U.K. newcomer Dolphin is convinced it can exist alongside GSM operators by focusing its digital public mobile radio network on the business market.

In Europe the pioneer, Dolphin Telecom plc-a 77.8%-owned subsidiary of U.S.-based global wireless operator Telesystem International Wireless Inc. (TIW)--is only just climbing off the ground.

As a relatively late developer, Basingstoke, England-based Dolphin would seem to have a fight on its hands to get past the weight and coverage of the GSM networks in the United Kingdom--where its network went live in August, with 84% coverage of population at launch--Germany, France and the Benelux countries. But Mark Riley, Dolphin's vice president of sales and marketing, is certain that the company can carve itself a place in the market.

"We see ourselves very much as a business mobile communications provider," he said. "We just happen to be able to do public mobile radio. We can get over the problem of established GSM providers by being very clear indeed about the markets we're going after. No-one else is focused solely on business."

To do this it will need to stress two key points. Firstly, Tetra, the European standard for public mobile radio, should help businesses keep costs down by enabling intrabusiness user groups: no more expensive mobile bills between employees or between them and HQ.

For David Dowe, senior consultant in the mobile group at Cambridge, England-based consultancy Analysys Ltd., this could be the most important factor. Many companies with a mobile, distributed workforce have seen their wireless spend spiral out of control, he said. Dolphin might help make things more predictable by restricting how handsets can be used. "People won't abandon GSM," Dowe said. "But Tetra could run alongside it."

Cross-border billing

Secondly, Dolphin is building trans-border networks that should be fully transparent without the need for formal roaming agreements or the sometimes exorbitant roaming bills that GSM operators charge. "We'll have common billing and network management across borders," said Riley.
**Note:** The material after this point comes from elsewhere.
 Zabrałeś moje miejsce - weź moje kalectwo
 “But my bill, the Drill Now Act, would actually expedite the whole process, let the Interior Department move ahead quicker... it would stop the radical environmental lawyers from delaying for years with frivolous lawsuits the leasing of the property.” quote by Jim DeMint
That said, Dolphin is relying on two different infrastructure sets, one sourced from Nokia the other from Motorola, and Riley admits they are not entirely interoperable yet. Analysys' Dowe believes it will take some time before these teething problems are worked out, and points out that roaming is "the big thing for business users."

The U.S. experience suggests that the roaming factor is significant. Up to a fifth of Nextel's 3.6 million customers--the bulk of whom are business users--make use of the fact that Nextel is one of only three coast-to-coast digital wireless operators. As one of Nextel's executives put it: "Everyone's our competitor and yet no-one is... we're seen as part of the same thing [as AT&T Wireless and Sprint PCS]... but no-one does what we do."

Terminal growth

Dolphin could well garner contracts far beyond the 16 or so it has already secured, according to David Tripp, chairman of the mobile special interest group of the U.K. Telecom Managers' Association. Perhaps worryingly, though, Frost and Sullivan, of Mountain View, California, published a report last month predicting that the public mobile radio terminal market in 2005 would be worth only $638.3 million, against $607.5 million in 1998.

What many users are really after, said Tripp, is private mobile radio; but there's no spectrum available for it. "You have to have control over the number of users to get guaranteed levels of service," he said, "and the fact that it's a revenue service [one based on pre-agreed payments for guaranteed service levels] may be a Problem."